Inbound From Future’s Past

One century ago, demand-driven logistics as practiced by Henry Ford and later Taiichi Ohno, was considered the future of manufacturing. Today, inbound logistics remains the next frontier of supply chain enlightenment. But what lies beyond?

In theory, demand-driven practice will always be tied to the future because predicting consumer variability or “knowing the unknowable” is a challenge that transcends time.

Ford Motor Company and Toyota recognized this as they tested and tailored their JIT processes to ensure steady workflows. Companies such as H.J. Heinz, American Greetings, and Panasonic are equally cognizant and attuned to this current and imminent reality as they transform their supply chains.

In practice, their stories—past and present—hint at what is to come; the selective ways businesses across myriad industries can envision and execute demand-driven initiatives.

But in a broader context, beyond our inbound utopia, it is still largely an unpracticed science.

For novices, the demand-driven drift augurs infinite potential to effect a revolutionary shift in how they integrate supply chain functions and coordinate product flow throughout the extended enterprise.

But embracing inbound as a change agent is not without inherent barriers. Technology properly applied is an enabler, but merely a stopgap as a fix for strategic holes. Process improvement requires a hard-core philosophical shift.

Walls must come down and wills must be broken. This requires time, commitment, and importantly, leadership.

Today’s few, true demand-driven visionaries are engineering and adapting inbound transportation and logistics strategies to open new avenues for streamlining their supply chains, scaling inventory, enhancing visibility, unbundling total landed costs, and driving collaboration among supply chain partners.

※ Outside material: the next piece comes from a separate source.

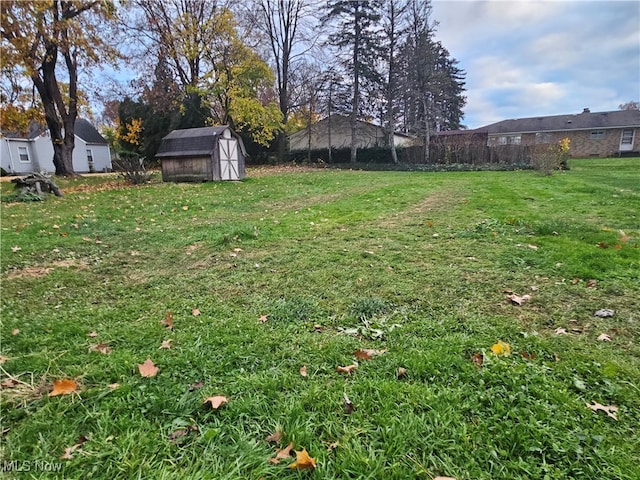 view of yard with a storage shed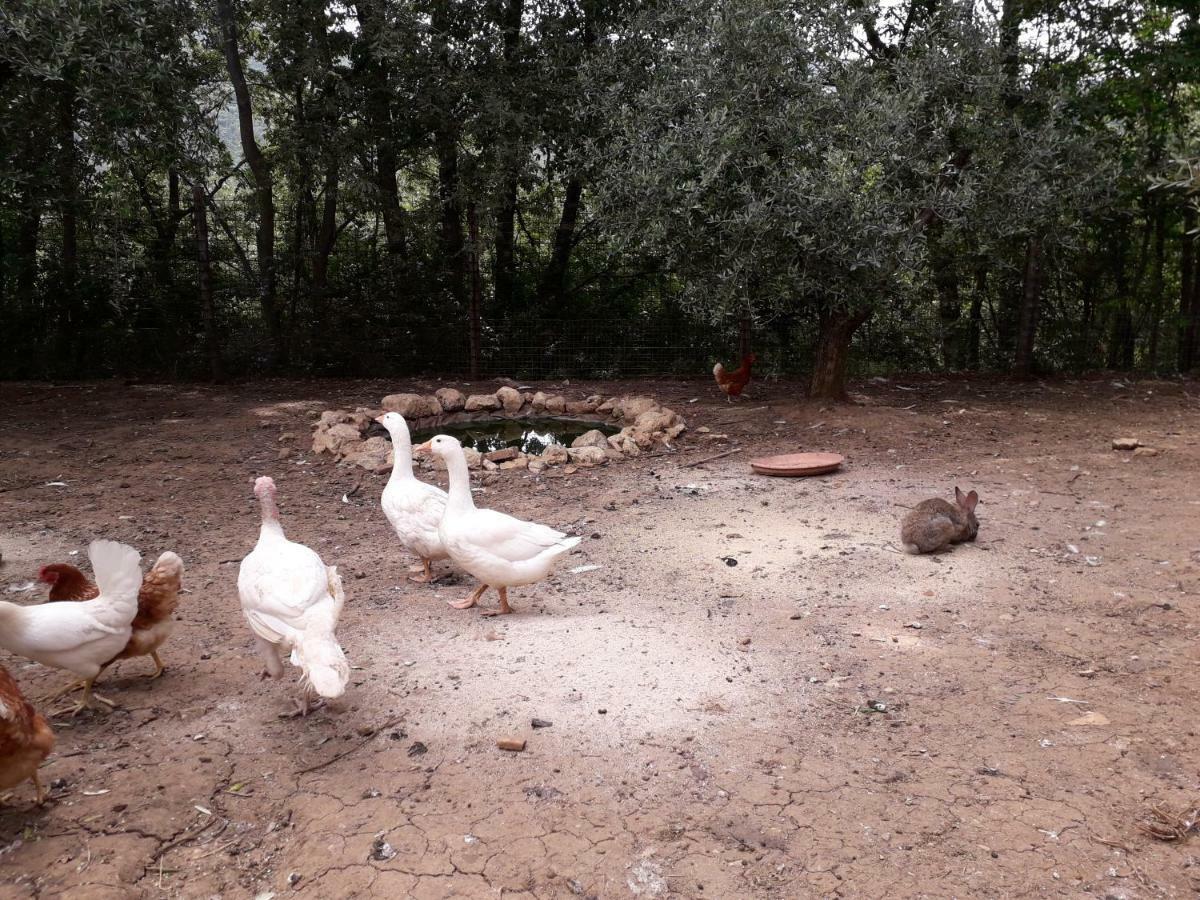 Alle Preci Country House Santa Restituta Zewnętrze zdjęcie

The potential is limitless.

As Toyota learned from Henry Ford, and as today’s leaders learn from the Toyota Production System and each other, links in the inbound evolutionary chain continue to twist and turn, break away, and come back together as demand meets supply.

Imagine a time and place where demand-driven DNA is hard-coded into the corporate helix; where those that adapt not only stand a better chance of surviving, but of thriving and propagating at will.

This is the future of inbound logistics.